Sebuah mimpi yang tak pernah terbayangkan oleh manusia sebelumnya. Terbang selama lebih dari sepuluh menit adalah kesuksesan yang membanggakan Ibnu Firnas dan membuka wawasan sejarah dunia tentang manusia agar dapat terbang.

Dua belas tahun kemudian, Ibnu Firnas meninggal di tahun 887 M, tepatnya saat berusia 77 tahun. Namun, sebelum kematiannya, Ibnu Firnas menyadari pentingnya ekor pada bagian glider (pesawat luncurnya).

Mattias Paul Scholz dalam bukunya berjudul Advanced NXT : the Da Vinci inventions book yang terbit pada 2007, menjelaskan tentang teori Ibnu Firnas yang direkam oleh Leonardo Da Vinci.

"Setelah kecelakaan uji terbang, Ibnu Firnas menyadari bahwa struktur ujung ekor adalah bagian penting untuk mendarat, dan ini mirip dengan bagaimana seekor burung menggunakan ekornya untuk mengurangi kecepatannya. Struktur ini kemudian dinamai ornithopter oleh da Vinci," tulis Scholz dalam bukunya.

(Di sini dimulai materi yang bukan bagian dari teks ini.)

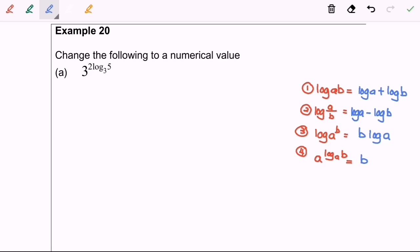Hello everyone. Now I'm going to discuss Example 20. The task is to change the following to a numerical value. For Example 20a, we have 3 to the power of 2 log base 3 of 5.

Pada 1260 M, Roger Bacon menulis tentang ornithopter theory yang didasari pada eksperimen dan gagasan Firnas. sayangnya, manuskrip yang ditulis Bacon menghilang begitu saja dalam perpustakaan Spanyol. 

Hal tersebut kemudian berpengaruh pada berkurangnya pengakuan terhadap penemuan prototipe pesawat Ibnu Firnas.

Pada tahun 1908 M, Wright bersaudara mendemonstrasikan menerbangkan pesawat di Prancis, penemuan ini kemudian menenggelamkan peran Firnas sebagai pencipta prototipe.

Hari ini, dunia penerbangan telah menjadi kompleks dengan segala kecanggihannya. Studi tentang ornithopter menjadi pembicaraan para ilmuwan, selain bagian sayap, ekor pesawat akan menjadi penting, untuk membuat pesawat mendarat dengan halus dan sempurna.